- Task material -
---+---
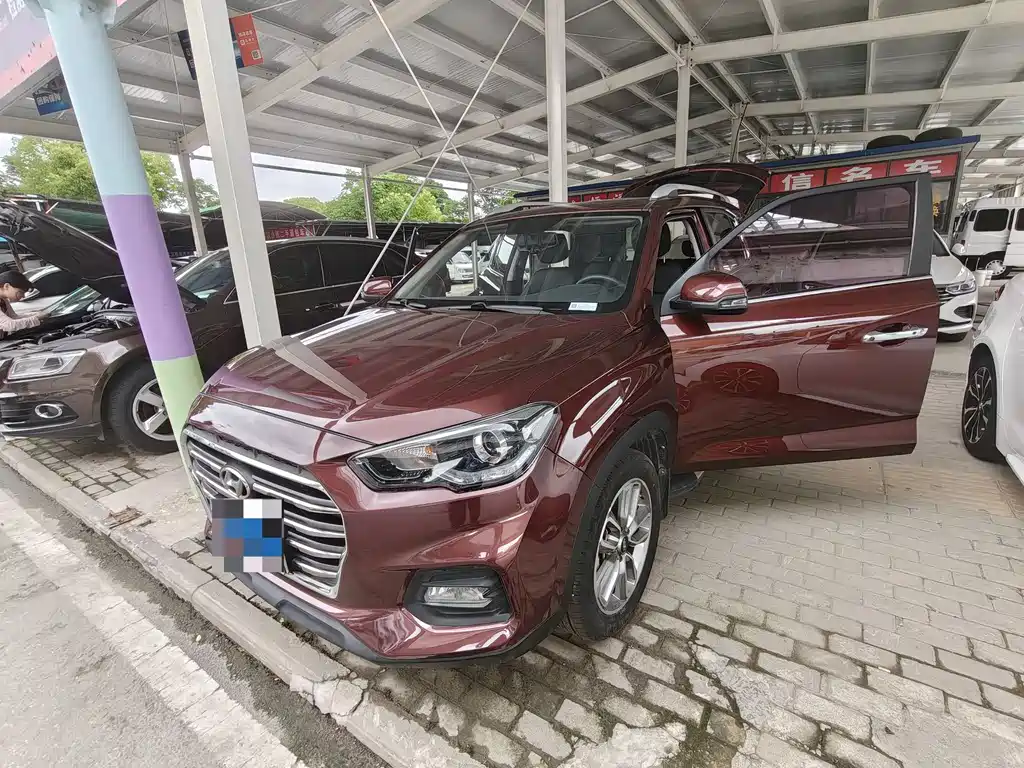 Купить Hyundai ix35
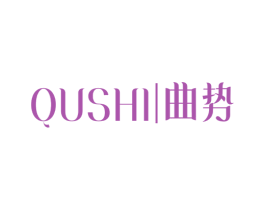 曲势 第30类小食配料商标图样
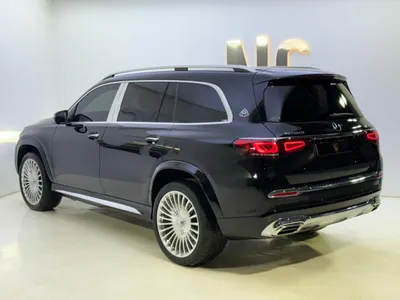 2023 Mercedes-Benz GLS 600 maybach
---+---
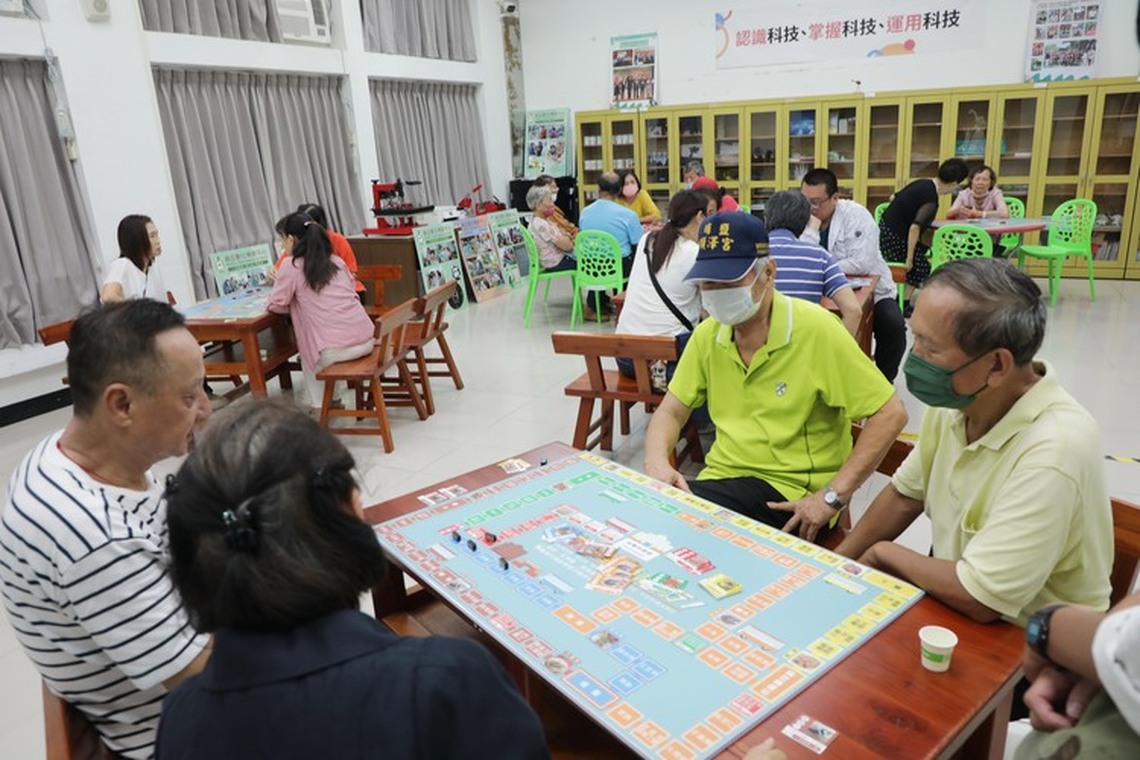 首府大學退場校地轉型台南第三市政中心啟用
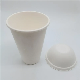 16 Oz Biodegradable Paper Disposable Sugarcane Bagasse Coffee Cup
---+---
Out of the records above, please copy exactly the lines from the line with "Купить Hyundai ix35" up to and including the line with "2023 Mercedes-Benz GLS 600 maybach", minus the pictures.

 Купить Hyundai ix35
 曲势 第30类小食配料商标图样
 2023 Mercedes-Benz GLS 600 maybach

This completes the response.